> [Task requirements]
When you reach the line with "Bracciale Pietre Blu - Felice Anniversario" in the listing below, transcribe it and each line after it up to and including the line with "Herakles: Bogenschütze von", exactly and with nothing else.

┌──

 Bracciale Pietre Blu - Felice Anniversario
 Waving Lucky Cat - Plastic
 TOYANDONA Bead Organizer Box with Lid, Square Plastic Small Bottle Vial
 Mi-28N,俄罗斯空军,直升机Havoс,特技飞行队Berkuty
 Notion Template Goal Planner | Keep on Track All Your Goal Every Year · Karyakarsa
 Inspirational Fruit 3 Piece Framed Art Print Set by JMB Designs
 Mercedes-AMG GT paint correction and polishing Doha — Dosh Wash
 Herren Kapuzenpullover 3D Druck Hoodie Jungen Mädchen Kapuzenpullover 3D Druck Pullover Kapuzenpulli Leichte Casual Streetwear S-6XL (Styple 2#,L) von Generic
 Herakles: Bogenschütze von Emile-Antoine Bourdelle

└──
┌──

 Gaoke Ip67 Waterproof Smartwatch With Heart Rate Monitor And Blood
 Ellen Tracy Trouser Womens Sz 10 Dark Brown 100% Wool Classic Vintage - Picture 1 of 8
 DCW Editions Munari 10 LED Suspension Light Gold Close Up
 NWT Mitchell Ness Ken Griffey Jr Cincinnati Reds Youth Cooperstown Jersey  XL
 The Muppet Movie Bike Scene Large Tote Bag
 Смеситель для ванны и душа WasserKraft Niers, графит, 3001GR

└──

> [Answer space]
 Bracciale Pietre Blu - Felice Anniversario
 Waving Lucky Cat - Plastic
 TOYANDONA Bead Organizer Box with Lid, Square Plastic Small Bottle Vial
 Mi-28N,俄罗斯空军,直升机Havoс,特技飞行队Berkuty
 Notion Template Goal Planner | Keep on Track All Your Goal Every Year · Karyakarsa
 Inspirational Fruit 3 Piece Framed Art Print Set by JMB Designs
 Mercedes-AMG GT paint correction and polishing Doha — Dosh Wash
 Herren Kapuzenpullover 3D Druck Hoodie Jungen Mädchen Kapuzenpullover 3D Druck Pullover Kapuzenpulli Leichte Casual Streetwear S-6XL (Styple 2#,L) von Generic
 Herakles: Bogenschütze von Emile-Antoine Bourdelle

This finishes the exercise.